Opinion: Climate change is here — and it’s uglier than we thought

By Alan Singer

The New York Times published a number of articles July 10 on the impact of climate change on our lives today. Collectively, they are frightening, though none made the front page.

I’m writing a book on “Teaching Climate History” (Routledge), and each time I see articles such as these I am compelled to update the book as new information emerges.

The July 11 New York Times had even worse news, this time on the front page. The structural stability of Chicago, the second largest city in the United States, is threatened by new erratic water levels, record highs and lows, on Lake Michigan caused by climate change, which has altered rainfall patterns in the region. Beaches have disappeared, and the foundations of buildings could flood, causing catastrophic events like the deadly collapse at Surfside, Fla., near Miami.

Combined, the articles show climate change is a national crisis, not one confined to any region. The target audience for my book is teachers, but hopefully it can also be used in high school and college electives and generate support for climate activism.

These are the headlines and brief excerpts from July 9 to 11. In this post, I only include articles on the impact of climate change on the United States.

Flood in New York’s Subway Points to Problems of Future,” by Winnie Hu and Anne Barnard, July 9

“When fast-moving storms flooded parts of New York City’s vast subway system on Thursday, they stranded some rush-hour commuters and underscored just how vulnerable the city’s underground transportation lifeline is to water. Even before the latest deluge, the century-old subway had a longstanding water problem that required work crews to be routinely dispatched to plug leaks.

“Bored through layers of rock, the subway system snakes through stopped-up natural springs and is surrounded by the groundwater that runs beneath the city. In fact, about 14 million gallons of water are pumped out of the system on a dry day. But now, the subway’s water woes are likely to get worse as more extreme rains become increasingly common with the changing climate.”

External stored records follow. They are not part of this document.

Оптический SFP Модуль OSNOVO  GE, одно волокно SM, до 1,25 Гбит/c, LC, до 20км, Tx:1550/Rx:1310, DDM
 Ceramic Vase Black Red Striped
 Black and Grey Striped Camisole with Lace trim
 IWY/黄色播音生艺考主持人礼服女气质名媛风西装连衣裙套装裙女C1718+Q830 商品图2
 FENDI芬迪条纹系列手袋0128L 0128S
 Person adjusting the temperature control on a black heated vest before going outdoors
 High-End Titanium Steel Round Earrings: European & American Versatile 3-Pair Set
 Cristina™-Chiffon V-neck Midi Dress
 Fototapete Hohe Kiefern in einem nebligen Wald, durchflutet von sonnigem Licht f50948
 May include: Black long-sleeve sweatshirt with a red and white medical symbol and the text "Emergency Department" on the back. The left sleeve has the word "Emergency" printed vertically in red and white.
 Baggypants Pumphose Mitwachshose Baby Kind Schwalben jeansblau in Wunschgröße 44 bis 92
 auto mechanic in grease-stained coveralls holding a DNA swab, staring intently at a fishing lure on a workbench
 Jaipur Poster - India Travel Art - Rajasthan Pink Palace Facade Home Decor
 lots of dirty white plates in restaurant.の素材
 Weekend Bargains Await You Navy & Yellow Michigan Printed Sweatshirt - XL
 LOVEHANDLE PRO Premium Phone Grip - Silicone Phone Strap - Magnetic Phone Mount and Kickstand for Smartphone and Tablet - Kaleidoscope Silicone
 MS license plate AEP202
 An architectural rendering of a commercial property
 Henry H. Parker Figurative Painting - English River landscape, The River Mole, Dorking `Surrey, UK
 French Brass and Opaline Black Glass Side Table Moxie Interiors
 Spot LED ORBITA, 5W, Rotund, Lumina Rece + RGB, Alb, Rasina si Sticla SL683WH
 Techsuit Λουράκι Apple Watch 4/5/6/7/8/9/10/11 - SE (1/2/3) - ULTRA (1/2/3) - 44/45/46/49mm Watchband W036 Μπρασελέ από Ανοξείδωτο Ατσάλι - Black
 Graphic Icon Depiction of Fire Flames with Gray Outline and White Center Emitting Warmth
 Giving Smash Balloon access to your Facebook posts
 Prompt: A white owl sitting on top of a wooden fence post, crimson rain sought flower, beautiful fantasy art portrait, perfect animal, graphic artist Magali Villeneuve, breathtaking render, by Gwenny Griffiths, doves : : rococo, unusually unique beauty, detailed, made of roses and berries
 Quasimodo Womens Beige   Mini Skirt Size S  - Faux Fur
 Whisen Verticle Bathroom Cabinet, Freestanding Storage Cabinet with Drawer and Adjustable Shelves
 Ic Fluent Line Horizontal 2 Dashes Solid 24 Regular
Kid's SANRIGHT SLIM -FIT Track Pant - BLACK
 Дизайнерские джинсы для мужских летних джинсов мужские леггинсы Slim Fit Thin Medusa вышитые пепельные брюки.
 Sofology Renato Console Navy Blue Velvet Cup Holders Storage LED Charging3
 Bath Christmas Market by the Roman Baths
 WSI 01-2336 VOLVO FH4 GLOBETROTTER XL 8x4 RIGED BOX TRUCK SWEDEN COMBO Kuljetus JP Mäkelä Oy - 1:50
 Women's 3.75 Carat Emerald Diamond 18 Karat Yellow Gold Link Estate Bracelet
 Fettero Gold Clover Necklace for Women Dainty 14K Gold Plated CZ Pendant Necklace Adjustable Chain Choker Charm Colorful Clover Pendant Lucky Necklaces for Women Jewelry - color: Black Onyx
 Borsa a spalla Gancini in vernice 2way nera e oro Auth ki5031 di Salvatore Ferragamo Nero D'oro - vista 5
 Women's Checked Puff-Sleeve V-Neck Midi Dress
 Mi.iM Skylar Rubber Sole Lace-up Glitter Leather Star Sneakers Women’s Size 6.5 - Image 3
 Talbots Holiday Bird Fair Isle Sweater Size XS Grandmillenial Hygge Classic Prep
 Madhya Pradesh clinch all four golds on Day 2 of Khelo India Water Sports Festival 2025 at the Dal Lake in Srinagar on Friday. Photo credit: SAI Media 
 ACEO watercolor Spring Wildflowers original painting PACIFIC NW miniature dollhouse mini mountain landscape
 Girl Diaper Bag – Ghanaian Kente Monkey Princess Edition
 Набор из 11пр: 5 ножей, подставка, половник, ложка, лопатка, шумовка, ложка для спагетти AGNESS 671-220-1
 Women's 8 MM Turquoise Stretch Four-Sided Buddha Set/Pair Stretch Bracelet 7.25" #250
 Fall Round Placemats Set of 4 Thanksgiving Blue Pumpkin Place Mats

Heat Warnings and Worries About Workers as the West Swelters Again,” by Sergio Olmos and Shawn Hubler, July 10

“Western states braced for another extreme spike in temperatures this weekend after a recent heat wave in Oregon and Washington State killed nearly 200 people and endangered laborers in fields and warehouses. Excessive heat warnings were in effect across inland California and the Southwest through the weekend, and the National Weather Service predicted that temperatures would approach an all-time high by Saturday in Las Vegas. A high of at least 130 degrees — which would be one of the highest temperatures reliably recorded on earth — was forecast for Death Valley.”

It’s Not Just the Days. Nights Are Sultrier, and Deadlier,” by Aatish Bhatia and Winston Choi-Schagrin, July 10

“Last month was the hottest June on record in North America, with more than 1,200 daily temperature records broken in the final week alone. But overlooked in much of the coverage were an even greater number of daily records set by a different — and potentially more dangerous — measure of extreme heat: overnight temperatures. On average, nights are warming faster than days across most of the United States, according to the 2018 National Climate Assessment Report. It’s part of a global trend that’s being fueled by climate change.”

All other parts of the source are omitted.